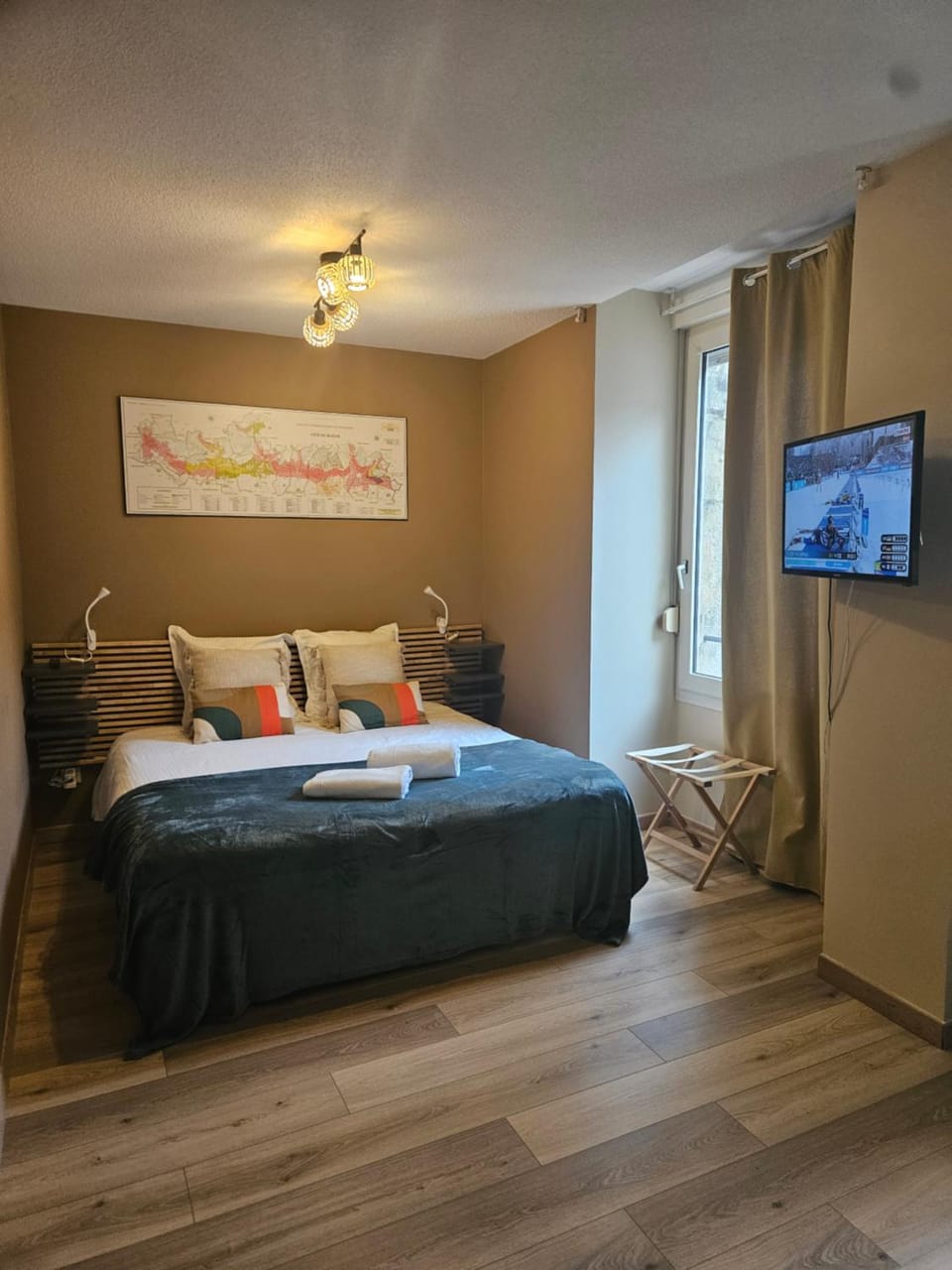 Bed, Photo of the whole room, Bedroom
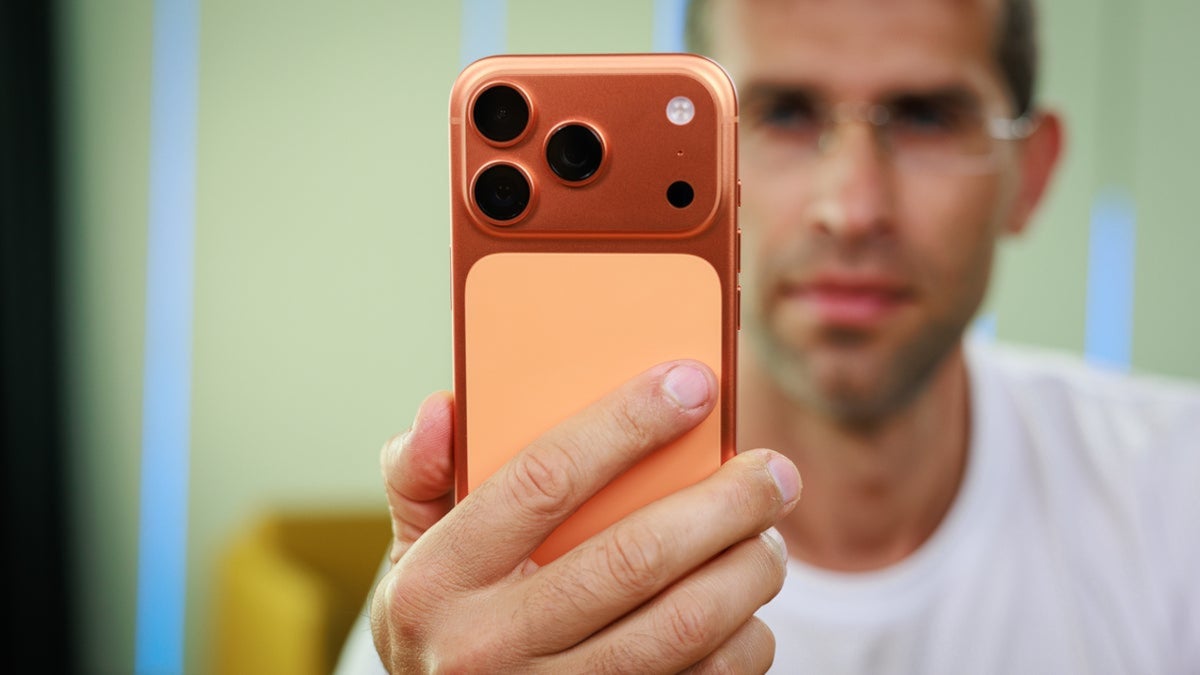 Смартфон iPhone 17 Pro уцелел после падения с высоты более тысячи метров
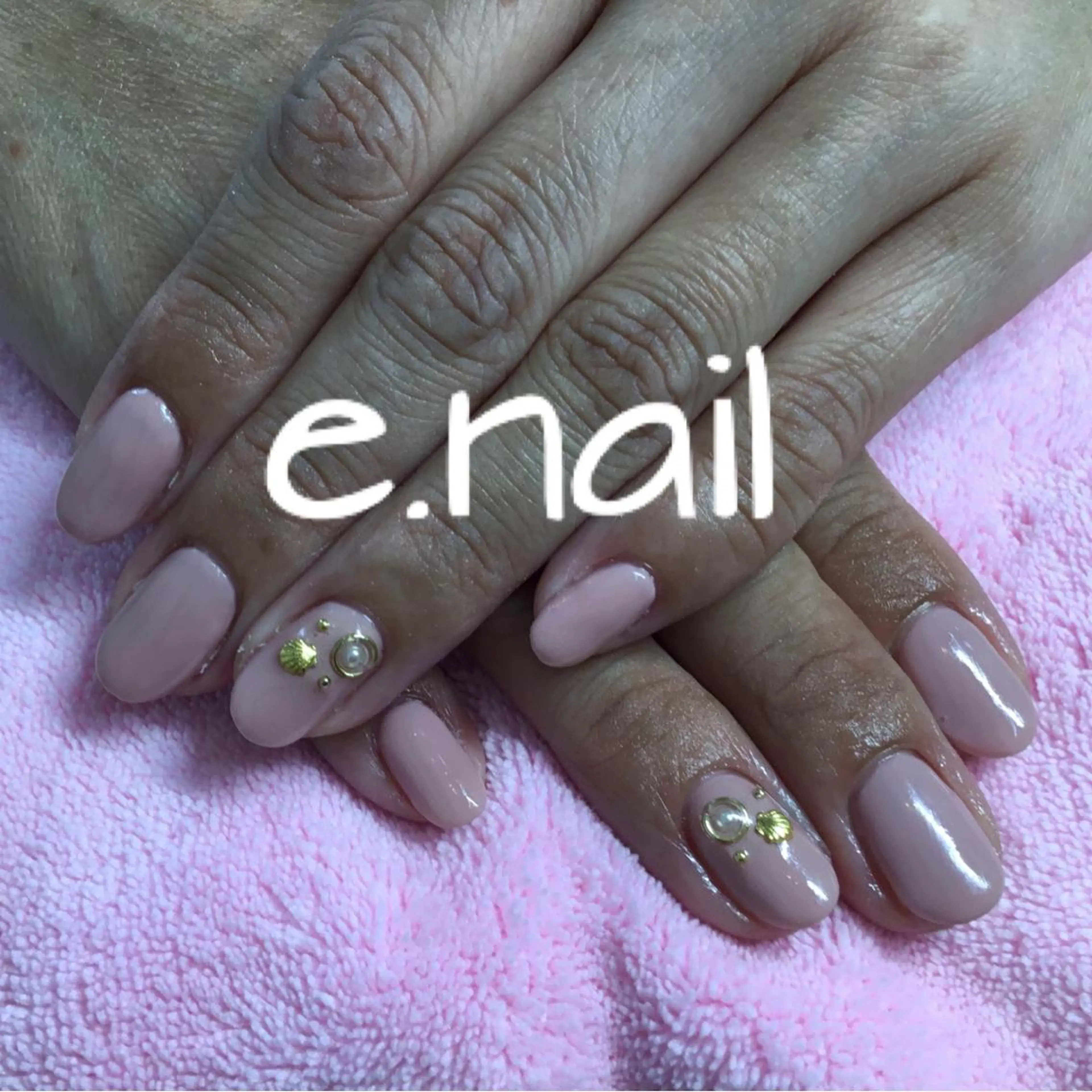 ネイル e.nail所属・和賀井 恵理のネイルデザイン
________________
* WHAT THE TASK ASKS:
To complete the exercise, return the listing above exactly and omit its pictures.

* ANSWER AREA:
 Bed, Photo of the whole room, Bedroom
 Смартфон iPhone 17 Pro уцелел после падения с высоты более тысячи метров
 ネイル e.nail所属・和賀井 恵理のネイルデザイン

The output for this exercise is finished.